Même la secrétaire à la Sécurité intérieure, Kristi Noem, s’est immiscée dans le débat en affirmant que la NFL allait perdre le sommeil. «Ils ne savent pas en quoi ils doivent croire. Ils sont faibles et nous allons arranger ça», s’était-elle exprimée l’automne dernier.

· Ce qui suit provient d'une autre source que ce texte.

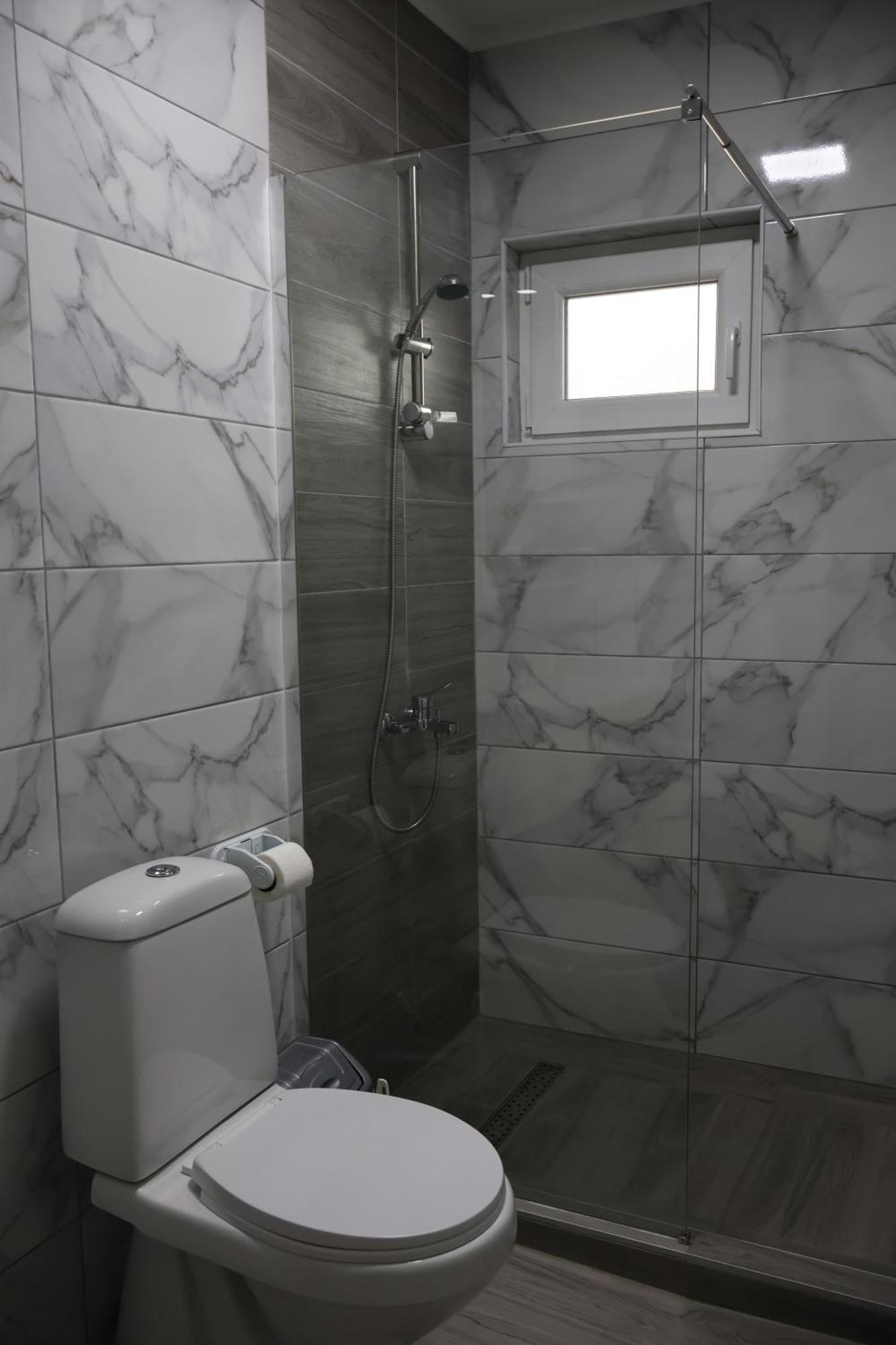 Ajkoski Apartments Peštani エクステリア 写真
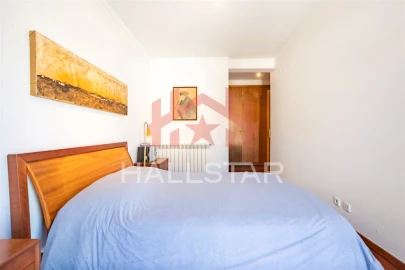 Apartamento T4 para Venda em Pataias e Martingança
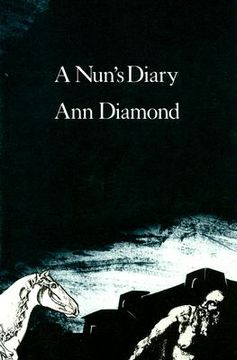 portada a nun's diary (en Inglés)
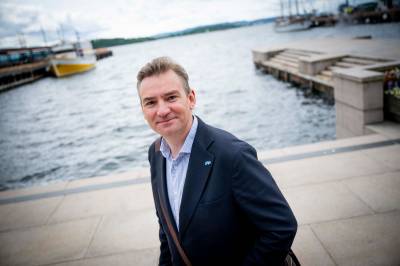 Vind-drama: – Vi bøyer ikke av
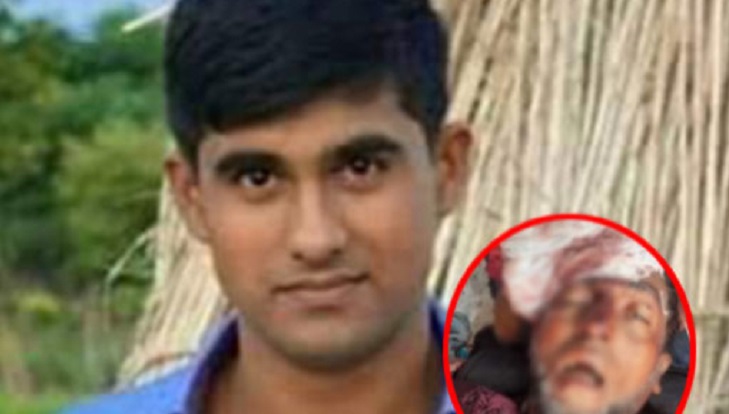 Son kills father for Tk 5,000 in Brahmanbaria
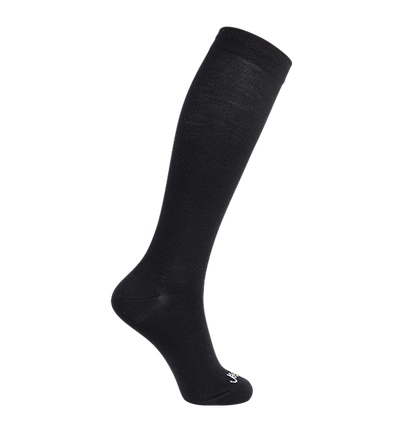 Pick Your Own 3 Pair Pack of Rich Merino Wool Everyday Compression Socks (15-20mmHg)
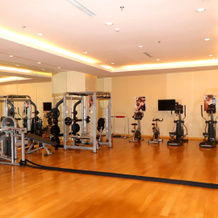 Holiday Inn Panjin Aqua City by IHG, 帕宁 — 照片 4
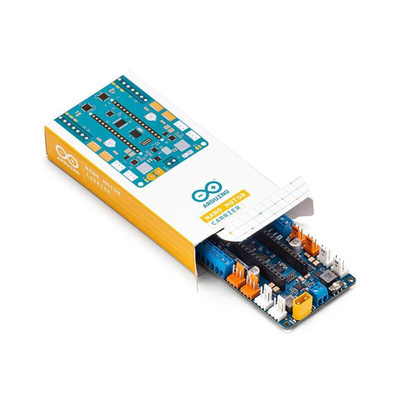 Arduino Nano Motor Carrier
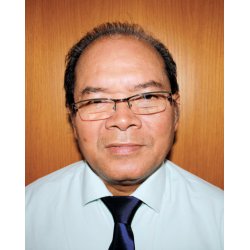 DEN MIRAKUL&Oslash;SE REJSE FRA RIS TIL KARTOFFEL - EN LIVSHISTORIE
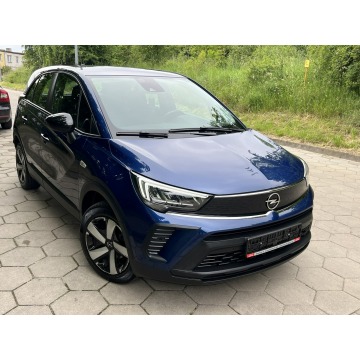 Opel   SUV 2021,  1.2 benzyna - Na sprzedaż za 54 999 zł - Gostyń - zdjęcie 1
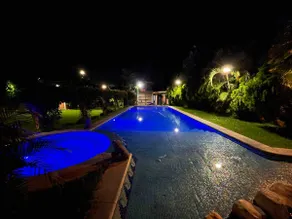 “LOS ARCOS YAUTEPEC” BEAUTIFUL HOUSE IN YAUTEPEC - Image 4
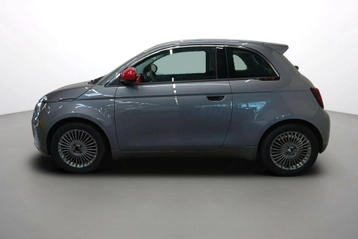 Image véhicule  Fiat 500e (7)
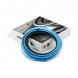 Рыболовная леска Guideline Power Taper 3D+ #37781 9/10 DH, Blue в Мытище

Derrière le bar du petit restaurant Taqueria Los Altos, aux abords de Calle 24, Chloe Moreno peinait à croire que la présence de Bad Bunny suscite une telle polémique quand j’ai discuté avec elle.
«C’est horrible de dire des choses comme ça, mais plus personne n’est surpris, considérant tout ce qui se dit de négatif depuis des mois sur cette communauté. C’est frustrant et décevant, mais on s’attend à des choses du genre.
«J’espère que les gens pourront juste apprécier. C’est un match de football et une grosse prestation artistique. Il ne faut pas que ça créée plus de problèmes. Il y aura toujours des gens qui aiment partir le trouble», m’a-t-elle lancé.
La NFL ne bronche pas

Justement, certains semblent craindre que Bad Bunny profite de la plateforme immense qui lui est offerte pour lancer un message politique qui pourrait attiser la tension. La NFL assure ne pas craindre un tel scénario.
«Bad Bunny est l’un des artistes les plus importants du monde. Il comprend que la scène qui lui est offerte sert à (...) rassembler les gens», a fait savoir le commissaire Roger Goodell, dans sa conférence de presse, lundi.

Dans sa librairie catholique du quartier latino, Abraham Cabaaero, né d’un père mexicain et d’une mère du Salvador, tentait de calmer le jeu.
«La NFL ne doit pas que s’intéresser aux Blancs, mais aux gens d’autres cultures. Ce n’est pas mon style de musique, mais je me dis que si tu n’aimes pas, personne ne t’oblige à regarder le spectacle.
«Notre président a sa façon de penser. Il préférerait un artiste qui chante en anglais et je peux comprendre, au sens où plusieurs Américains ne comprennent pas l’espagnol. Je peux voir les deux côtés de la médaille», a-t-il tempéré.
Des propos sages, mais qui ne trouvent pas forcément écho des deux côtés diamétralement opposés de la clôture.